2012 CCW: Live HD production over IP close to reality

Using the Internet Protocol (IP) to move pre-recorded video signals around facilities and across the country has become almost commonplace, saving broadcasters, content distributors and venues that use video significant amounts of money in cabling costs and installation time in installation.

Sony is taking this idea a step further and saying it can offer a special signal processing box (the NXL-IP55) that converts live HD-SDI baseband signals coming directly form a camera into TCP/IP packets for delivery over affordable Cat-6 Ethernet cable. These packets are then compressed—using proprietary algorithms—before going on their way. Distance limitations can be overcome on site by piggybacking onto a fiber-optic camera cable.

“The implications for anyone that wants to send live signals cost-effectively are huge,’ said Hugo Gaggioni, Chief Technology Officer and Vice President, Sony Electronics, who introduced the idea at the Content & Communications World (CCW) show in New York City, “I see a day when a camera operator calls up a production truck and asks for a dedicated line to send their live images.”

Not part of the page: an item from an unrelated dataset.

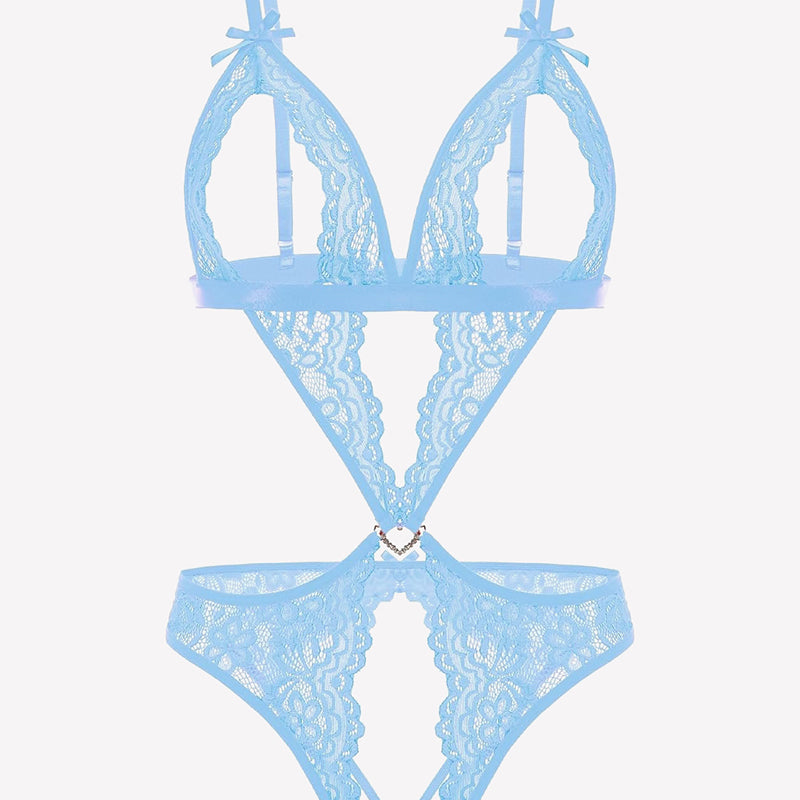 Teddy-Body aus Spitze mit tiefem V-Ausschnitt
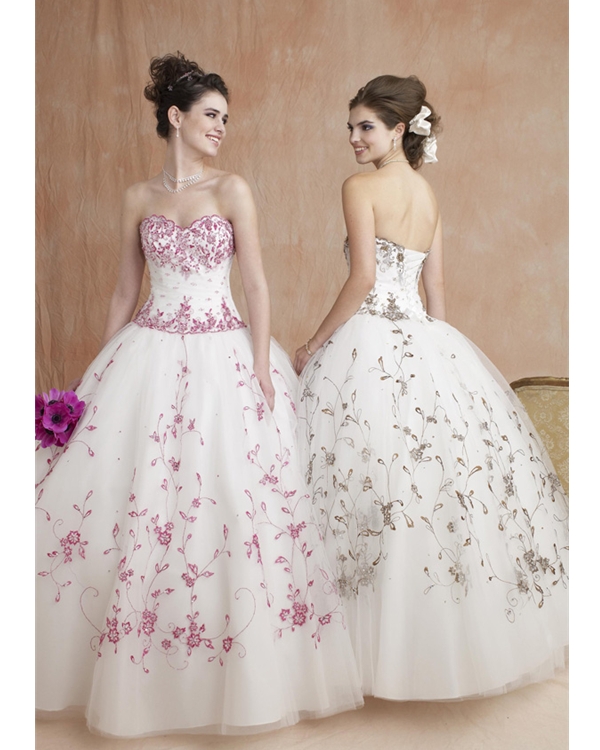 Fancy White Ball Gown Strapless Sweetheart Floor Length Tulle Quinceanera Dresses With Fuchsia Embroidery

Using the IEEE 15888 Position Time Protocol (PTP), the unit time stamps the video packets—creating a master clock that all cameras can gunlock to, for lack of a better word, in order to ensure that they are in sync with other cameras as part of a multi-camera production. It’s critical that all camera feeds are properly synchronized.

“If you screw up the timing and don’t synchronize the cameras, you can’t accurately reconstruct the video at the receive end,” Gaggioni said. “That’s why time stamping the packets is so important.”

Sony says it can send four HD signals over a single Cat-6 cable without degrading the quality. The NXL-IP55 can be used in tandem with any L2 switch, but the key is that you must have a point-to-point connection for the transmission to happen accurately and without packet loss. Thus, you can’t send these signals over the public Internet, because then you lose control over where the signal is hopping.

Such a live IP video system could have significant benefits to production crews working at a venue that has already been wired with Cat-5/6. Sony’s technology was tested this year at a major tennis tournament, at which its robotic cameras were positioned at numerous courts to allow the broadcaster to look-in on different courts by using a standard data switch.

Gaggioni said the technology would be available by the end of the year for around $20,000 (for a send and receive box). It will be used for next summer’s Brazil World Cup and “for sure” at the next Olympics.

“This is the future, as broadcasters and production companies look for more efficiency and ease of use in all of their production equipment,” Gaggioni said. “Why run a heavy coax cable when I can send the same amount of video, communication and control data over a tiny Ethernet cable.